There are two aspects to news- knowing the headline and understanding the intricacies of it. We at The Connectere focus on both. While The First Forum edition gives a brief about the headlines, The Weekly Analysis Edition is meant to educate the reader on what do various news mean and what are their intricacies. This initiative is meant to educate the reader on how to understand the important news. In the Tenth Edition we are covering the following news:
1. The Reliance Rights Issue
2. Why do the liquor revenue sales matter to States?
3. Impact of COVID-19 on MSME’s
4. The ventilator question: Why Covid-19 patients starve of oxygen?
5. Fuel prices tank, tanker rates spike for lockdown glut
6. India lodges protest with Islamabad over Pak court’s order on Gilgit-Baltistan
A company that is listed on the stock exchange. Do you know how they can show their strength in the Indian stock market?
In the current scenario when the stock market crashes hard from the coronavirus pandemic many companies are fearing to raise the money in the market. But there is one company which is not fearing raising more and more capital even in the gloomy condition. It is Reliance Industries which has come up with a Rights Issue. This is just because they still believe that there would be investors that die to invest more and more into their company. In this manner, the company proposed to raise Rs.53,125 crore. If shareholders owned RIL shares as on record date (announced May 14), then they would be entitled to one new share for every 15 shares held in the company. Thus, one share will be offered at Rs. 1,257 which is a 14% discount to the closing price on April 30, 2020. The shareholders willing to subscribe to the issue will have to pay 25% on application and the rest in one or more calls.
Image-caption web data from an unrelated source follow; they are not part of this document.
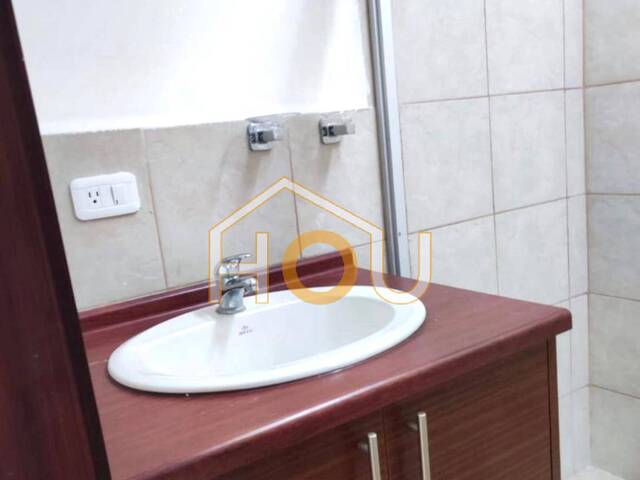 #97 - Casa para Venta en Quito - P
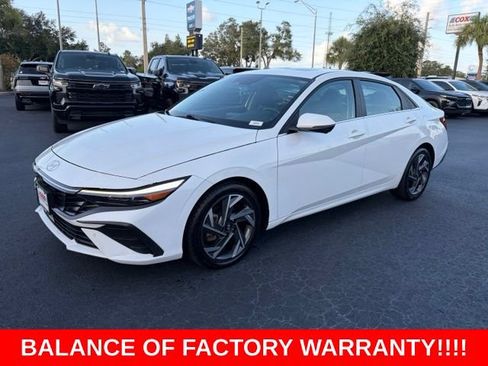 Used 2024 Hyundai Elantra Limited FWD image 3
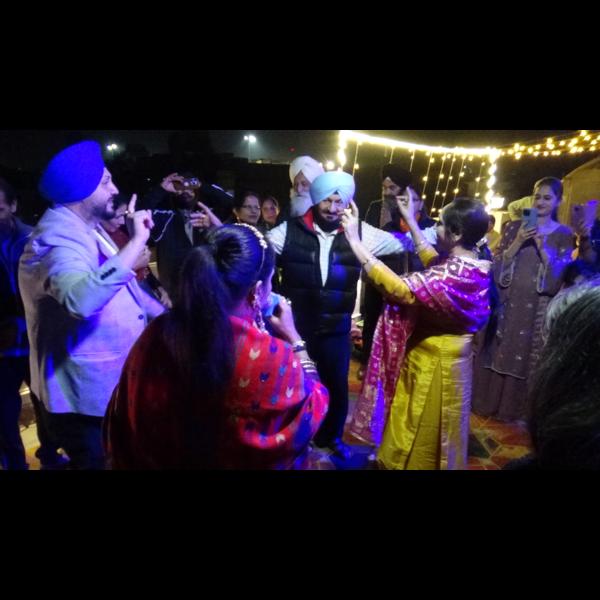 punjabi mehndi and sangeet per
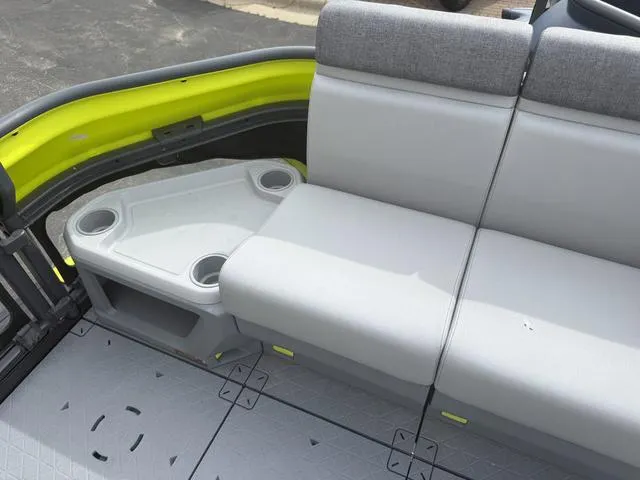 Slide: The Image of Sea-Doo Switch Cruise 21 2025 - 11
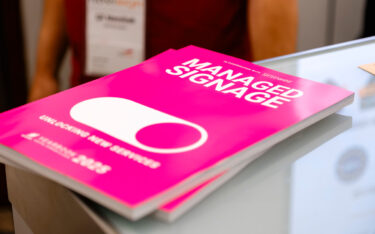 Das invidis Jahrbuch 2025 - in Deutsch und Englisch verfügbar (Foto: invidis)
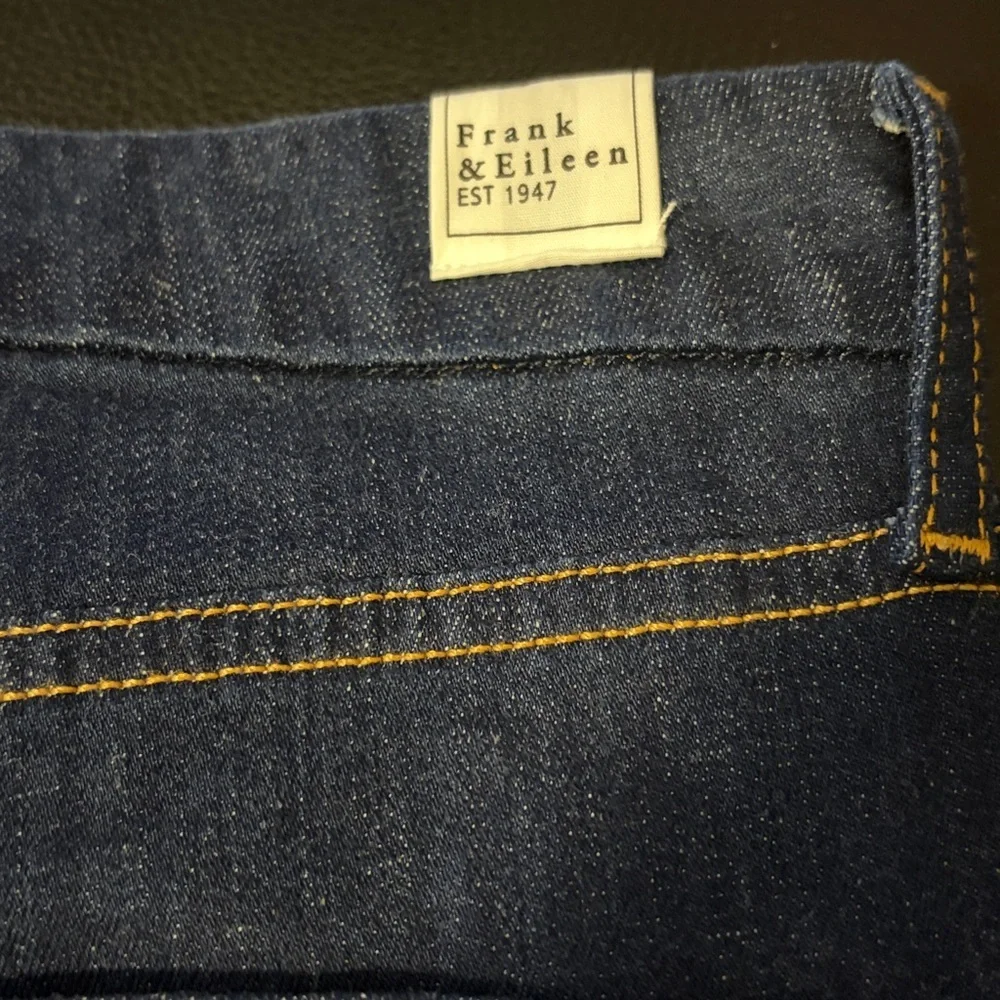 Frank and Eileen Flannigan Jean Clean Rinse Dark Wash Italian Power Denim 27 NEW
The next question is why Reliance came up with the Rights issue?
The reason could be multiple as of now but the possible reason is to reduce their debt. Since the recent Facebook deal helped the company to reduce its debt as it was an all-cash deal, the same can be applied to the Rights issue strategy. Meanwhile, RIL failed to get through a big deal of acquiring a stake in the oil refinery Saudi Arabian company due to the ongoing crude oil price crash. So, Reliance came up with the deal of rights issue which will lead to an overall 7% equity dilution. Moreover, they’re trying their level best to fulfill their dream of becoming a debt-free company by 2021 and that’s the reason rights issue is also one more step toward becoming debt-free.
Now the very big question is what is the Rights Issue?
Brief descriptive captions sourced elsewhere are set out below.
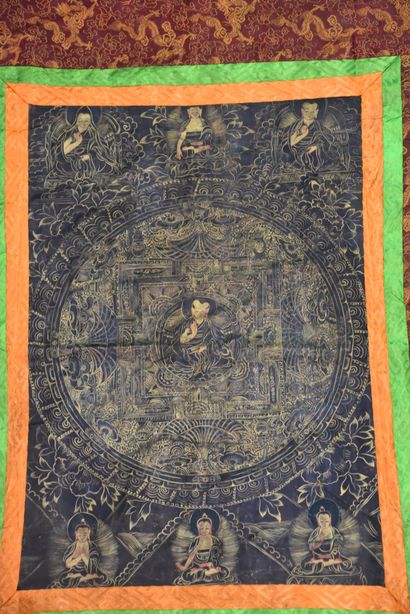 null Tangka Tibétain Dimensions : 104 x 62 cm.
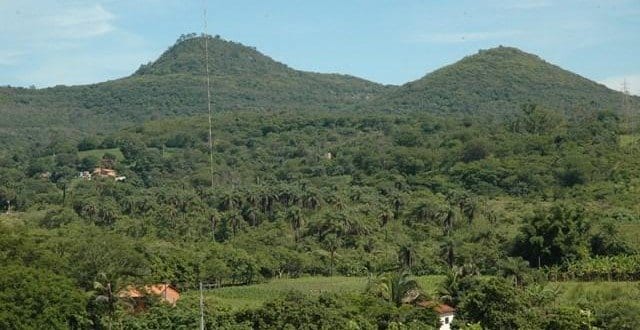 Montes Claros - Serra dos Montes Claros - Foto Fábio Marçal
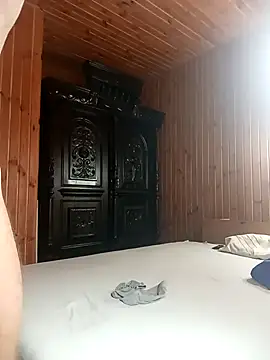 Snapshot of yatshen chatting on October 17, 2025, 11:51 pm yatshen online show from October 17, 2025, 11:51 pm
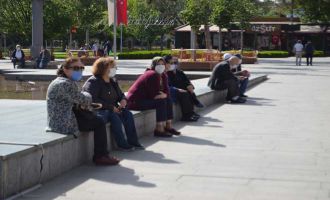 Bayramın ilk gününde kısıtlaması kalkan vatandaşlar güzel havanın tadını çıkardı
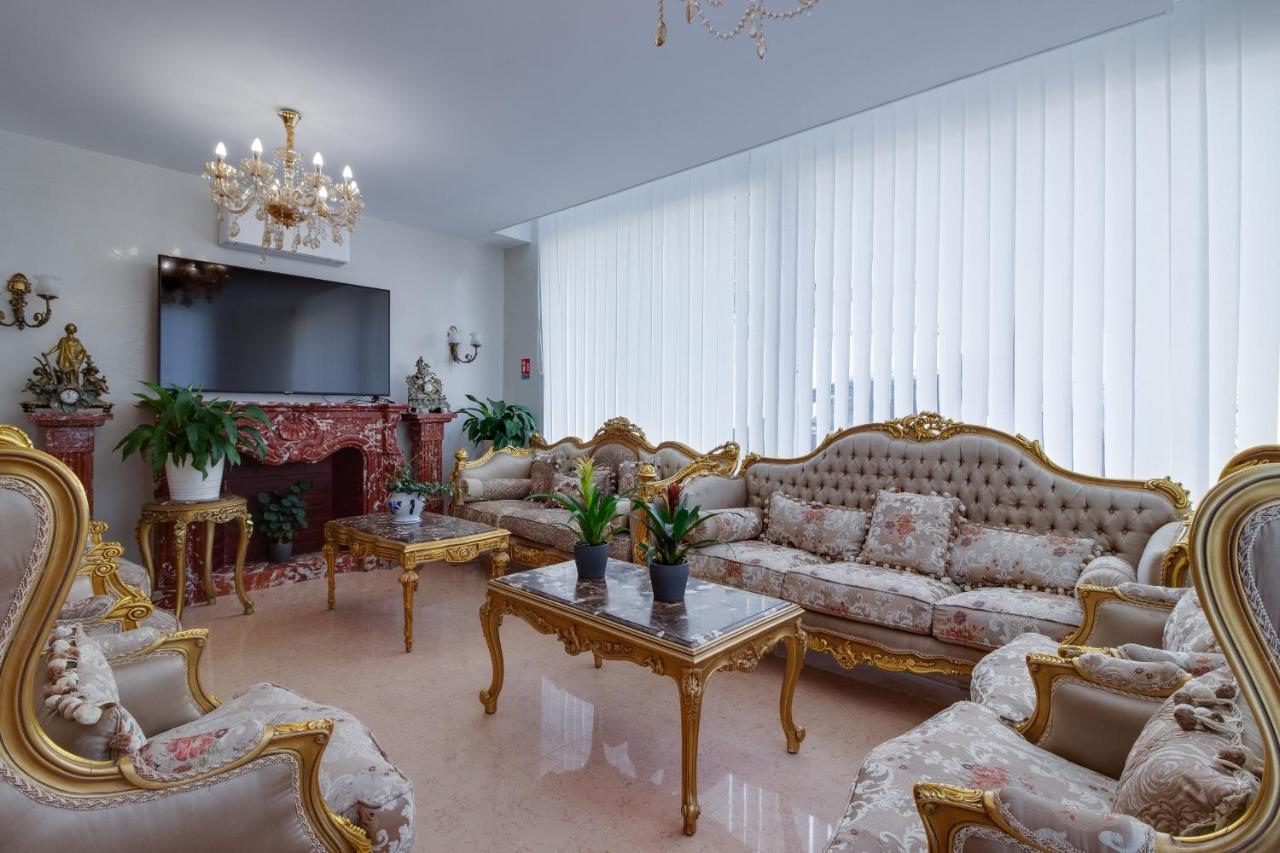 Royal Paris Hotel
A simple meaning of Rights Issue is an invitation to shareholders to purchase additional new shares in the company. Note one thing that not everyone can subscribe to the Right issue. Only existing shareholders can purchase the rights at a discount price. Discount price to what?
Discount to the prevailing market – the price that was being quoted in the open market.
The next thing that comes into the mind is that whether Right issue something new for the Reliance or have they given this deal in the past also. Well for your information, it has been more than three-decade i.e. 30 years since they had issued a Rights issue.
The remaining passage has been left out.